Le Premier ministre a pris les devants. En annonçant qu’il devancerait la motion de censure de LFI en sollicitant la confiance du parlement dès le 8 septembre, François Bayrou a signé la fin de son bail à Matignon. Il ne rend pas forcément les armes pour autant.
Le Premier ministre devait créer un électrochoc. Malgré ses interventions sur YouTube, François Bayrou n’était en effet pas parvenu à secouer la torpeur estivale. La création de sa chaine YouTube « Bayrou Direct » n’a pas suscité l’effet de curiosité espéré. La parole de François Bayrou ne parvient pas jusqu’aux Français.
Pour l’électrochoc, c’est réussi. Il a surpris. Il a donné un grand coup d’accélérateur. Mais alors que son démarrage sur les chapeaux de roues devait dépasser et contourner les formations politiques et leurs stratégies partisanes pour atteindre directement les Français, il a foncé droit dans le mur des calculs électoraux des deux blocs extrêmes, LFI et le RN.
A peine, le chef du gouvernement avait-il conclu son propos que le parti de Jean-Luc Mélenchon annonçait qu’il voterait contre le gouvernement, suivi de près par Jordan Bardella qui réclamait un retour aux urnes. C’est-à-dire une dissolution, précisait dans la foulée Marine Le Pen qui annonce formellement un vote contre la confiance.
L’addition des voix du RN et de LFI avec celles des écologistes et des communistes est imparable. Ils représentent 264 députés, sans le PS. Alors que l’ex-majorité Ensemble pour la République, Horizon et Modem ne parvient qu’à 161 voix, 210 avec les Républicains. L’affaire est donc entendue. Sauf à trouver un petit trou de souris qui passe par un vote de soutien (et non une simple abstention) d’un nombre conséquent parmi les 66 socialistes et les 23 députés du groupe Liot. Ce qui parait bien improbable. Les socialistes ne peuvent être les sauveurs de Bayrou.

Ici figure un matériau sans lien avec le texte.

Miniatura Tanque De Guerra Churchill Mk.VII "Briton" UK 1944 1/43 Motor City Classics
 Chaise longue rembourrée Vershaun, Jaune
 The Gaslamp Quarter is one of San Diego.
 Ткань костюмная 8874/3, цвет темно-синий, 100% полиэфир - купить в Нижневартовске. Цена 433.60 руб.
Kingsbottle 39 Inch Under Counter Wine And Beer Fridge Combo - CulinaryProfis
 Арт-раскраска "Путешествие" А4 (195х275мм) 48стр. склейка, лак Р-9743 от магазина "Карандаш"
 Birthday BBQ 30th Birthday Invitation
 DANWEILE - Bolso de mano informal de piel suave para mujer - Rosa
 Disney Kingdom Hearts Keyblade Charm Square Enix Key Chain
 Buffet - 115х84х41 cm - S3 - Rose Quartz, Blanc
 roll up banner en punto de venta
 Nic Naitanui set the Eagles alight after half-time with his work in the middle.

Le Premier ministre voudrait un vote sur un constat partagé : la situation financière du pays est grave et urgente. Mais la procédure qu’il a proposée s’appelle un vote de confiance. Or, les députés de l’opposition, par nature, ne peuvent accorder leur confiance à François Bayrou. Cela reviendrait à intégrer sa majorité. Les négociations pour obtenir une simple abstention du PS lors du précédent Budget ont démontré que ce pas très difficile à l’époque est aujourd’hui infranchissable. Du fait du climat social, de la proximité des élections municipales et de la présidentielle.
François Bayrou pense sans doute que la crainte du chaos engendré par sa chute pourrait conduire les Français à appuyer sa démarche. Le CAC 40 a fortement baissé après l’annonce du Premier ministre, clôturant en recul de 1,59 %, bien plus qu’en Allemagne ou en Italie, alors que les taux d’emprunt augmentaient aussitôt. De quoi apporter de l’eau à son moulin quand il insiste une nouvelle fois : « Nous sommes au bord du surendettement ». A condition d’être audible.
Peut-il trouver l’oreille des Français en deux semaines alors qu’ils n’ont jamais compris ses intentions depuis son arrivée à Matignon ? Il se veut l’homme d’un grand dessein – le désendettement – ils ne voient qu’un vieux routier de la politique qui additionne des mesures impopulaires pour assurer son maintien au pouvoir. Face à cette incompréhension, comment mieux prouver son désintéressement qu’en s’asseyant lui-même dans un siège éjectable ? Cela ne manque pas de panache. L’enjeu étant d’installer l’idée que les députés qui n’accorderont pas leur confiance au gouvernement sont les artisans d’un chaos économique et financier que, tout comme lui, les Français ne souhaitent pas. Un tel sacrifice peut-il changer une image ? Peut-être. Mais seulement au bout d’un certain temps, une fois que le sacrifice a eu lieu.
Finir censuré lors du vote du Budget aurait signé l’échec de François Bayrou à Matignon. Il serait resté comme celui qui n’a pas réussi à réduire les déficits. Il n’a pas voulu non plus se renier en édulcorant son projet et en réduisant trop peu la dette. En choisissant lui-même les termes de son départ, il prend date. Il veut rester l’homme du désendettement.